El Zahir - Your Lonely planet soul travel guide

El Zahir - Your Lonely planet soul travel guide

“It is not life that matters, but the journey”

“We can’t allow ourselves the luxury of being unhappy all the time.”

“There are kinds of world: the one we dream about and the real one.”

“We, humans, have two great problems: the first is knowing when to begin, the second is knowing when to stop.”
...

Paulo Coelho, The Zahir

Ok, I'll be honest; when I picked up the book from my home library I was more than skeptical (for lack of a more precise word) but also decided to defer judgment until I had fully read the story; after all, I had to quarantine home for a week and there was literally nothing that wasn't utterly garbage on each of the 20 TV channels of our Spanish TV, doesn't matter digital or analog; I set sail determined and decided to verify what was behind one of the most quoted self-help new age gurus, Paulo Coelho.

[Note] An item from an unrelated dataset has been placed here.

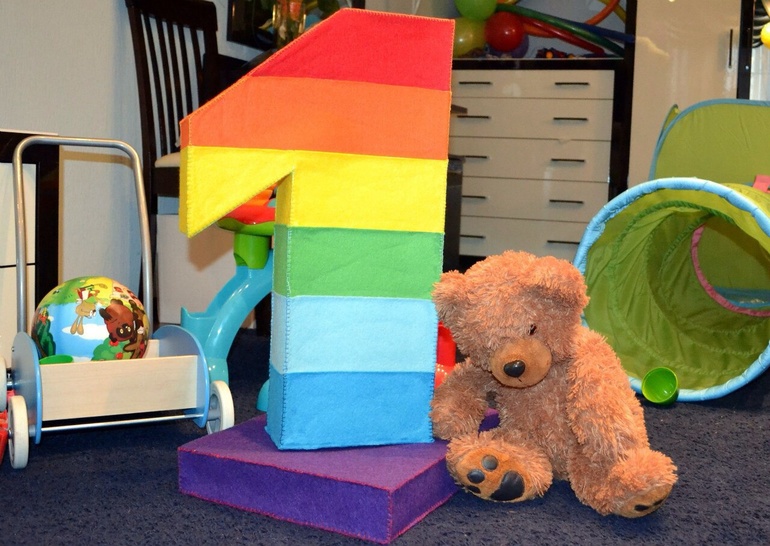 Радужные аксессуары для первого дня рождения!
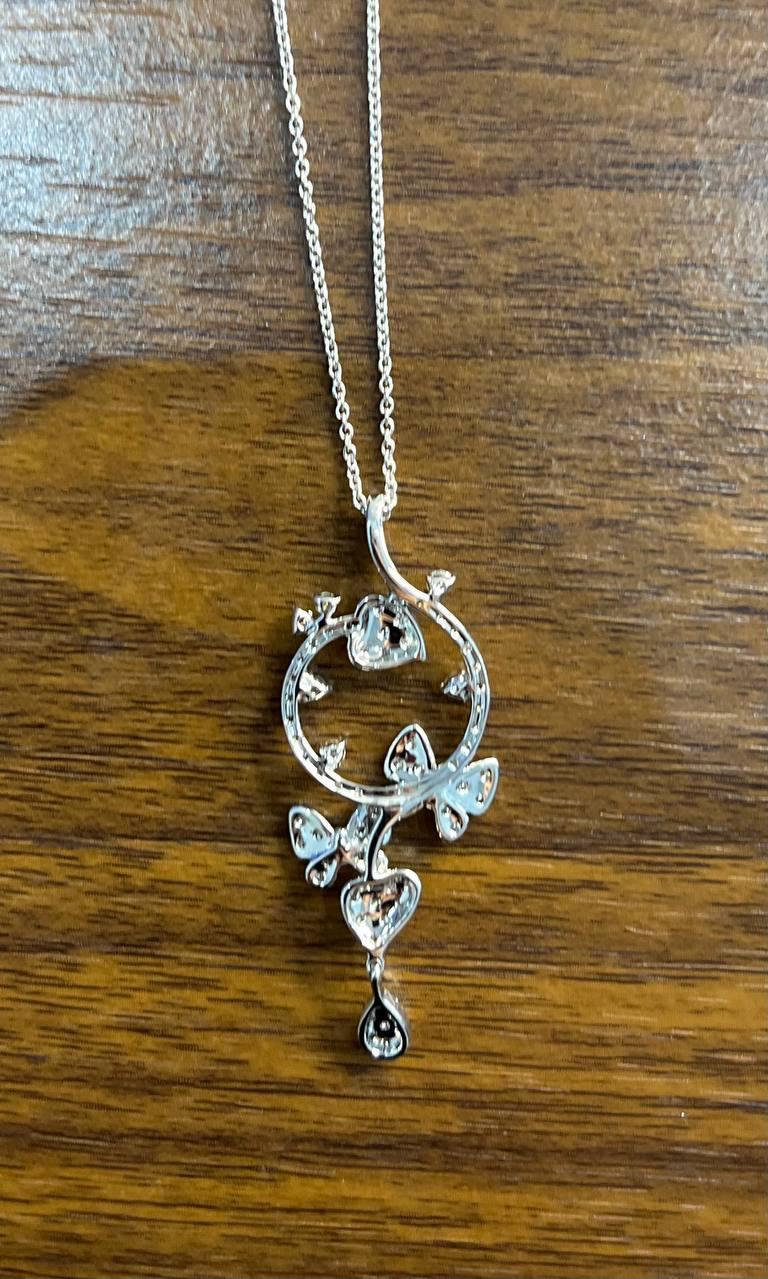 Collier pendentif papillon serti de cœurs en or blanc 14 carats en vente 1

There is a main storyline shaped by the concept of Zahir: A person, an object, that has the power to obsess everyone who sees it, flooding every aspect of their lives, little by little but merciless, until they end losing their minds.

Jorge Luis Borges, Argentinian author who wrote the original Zahir story masterfully describes this obsession, where he is resigned and desperate, no longer being able to tell apart reality from dream:

"Others will dream that I am mad, and I [will dream] of the Zahir. When all men on earth think day and night of the Zahir, which one will be a dream and which a reality, the earth or the Zahir?"

The novel is a travel book, it was written in different cities and the author uses his experiences to fill the space he needs to complete the hero's quest; in that sense it looks as if he didn't have a lot to tell, apart from borrowing an interesting concept as well as some side stories as Coelho himself acknowledges at the end of the book; in that sense it is a colorful mix of snapshots of different times and spaces together with the usual self discovery that can be found in this kind of literature. I recognize and thank the author for his effort knitting together a story from a bunch of disjointed parts.